▸ **Exercise**
Output everything in the data exactly, leaving the pictures out.

*** Block opens ***

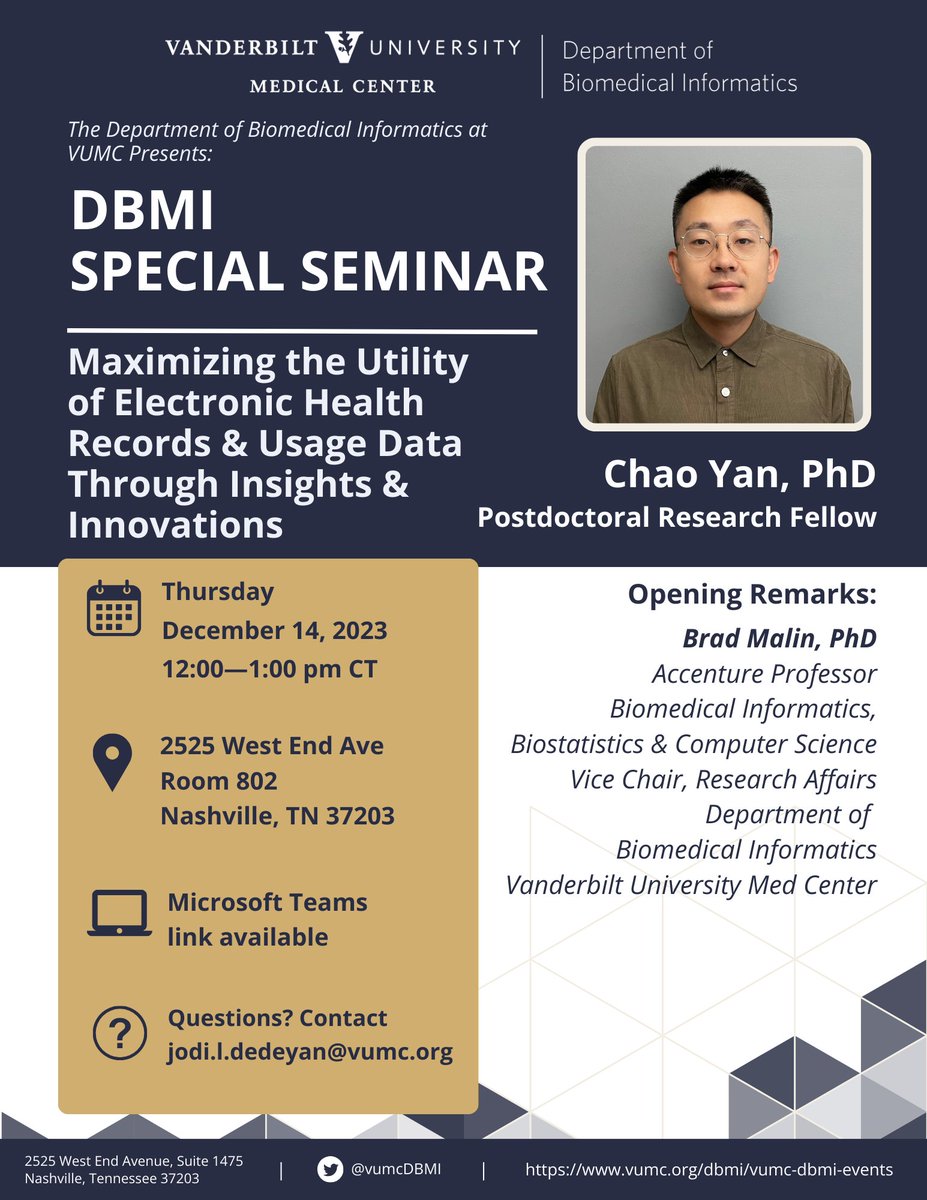 Join Chao Yan, PhD (@yanchao0222) #postdoc in DBMI, for his Special Seminar on 12/14 at 12PM CT. He'll present his talk 'Maximizing the Utility of #EHRs & Usage Data via Insights & Innovations'. @bradmalin @trentrosenbloom Room/Teams info below: vumc.org/dbmi/vumc-dbmi…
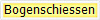 Bogenschiessen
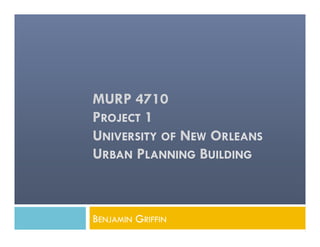 BENJAMIN GRIFFIN
MURP 4710
PROJECT 1
UNIVERSITY OF NEW ORLEANS
URBAN PLANNING BUILDING
 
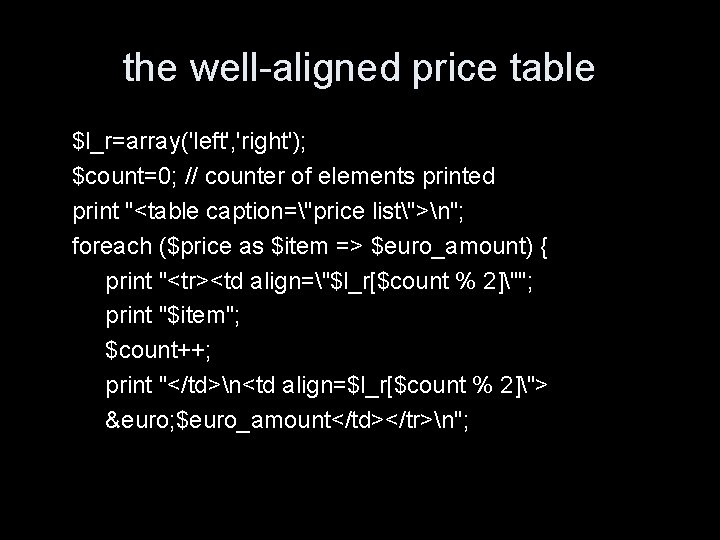 the well-aligned price table $l_r=array('left', 'right'); $count=0; // counter of elements printed print "<table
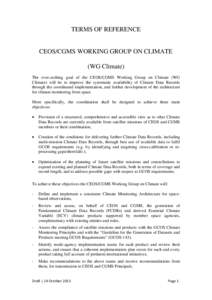 TERMS OF REFERENCE  CEOS/CGMS WORKING GROUP ON CLIMATE (WG Climate) The over-arching goal of the CEOS/CGMS Working Group on Climate (WG Climate) will be to improve the systematic availability of Climate Data Records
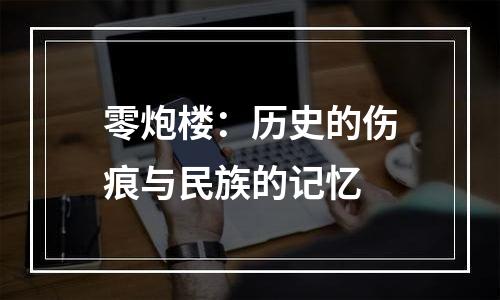 零炮楼：历史的伤痕与民族的记忆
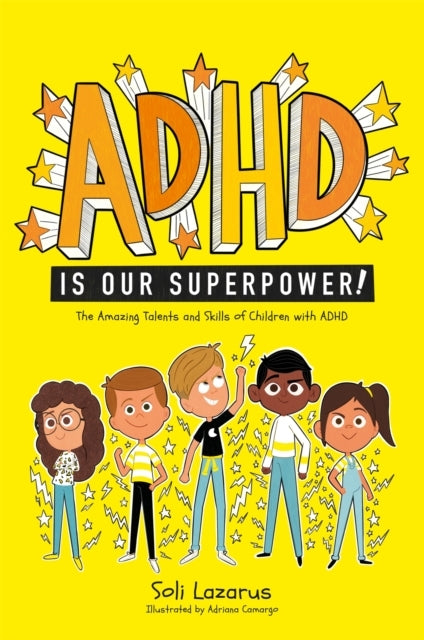 Adhd Is Our Superpowerthe Amazing Talents And Skills Of Chil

*** Block closes ***

▸ **Task result**
 Join Chao Yan, PhD (@yanchao0222) #postdoc in DBMI, for his Special Seminar on 12/14 at 12PM CT. He'll present his talk 'Maximizing the Utility of #EHRs & Usage Data via Insights & Innovations'. @bradmalin @trentrosenbloom Room/Teams info below: vumc.org/dbmi/vumc-dbmi…
 Bogenschiessen
 BENJAMIN GRIFFIN
MURP 4710
PROJECT 1
UNIVERSITY OF NEW ORLEANS
URBAN PLANNING BUILDING
 
 the well-aligned price table $l_r=array('left', 'right'); $count=0; // counter of elements printed print "<table
 TERMS OF REFERENCE  CEOS/CGMS WORKING GROUP ON CLIMATE (WG Climate) The over-arching goal of the CEOS/CGMS Working Group on Climate (WG Climate) will be to improve the systematic availability of Climate Data Records
 零炮楼：历史的伤痕与民族的记忆
 Adhd Is Our Superpowerthe Amazing Talents And Skills Of Chil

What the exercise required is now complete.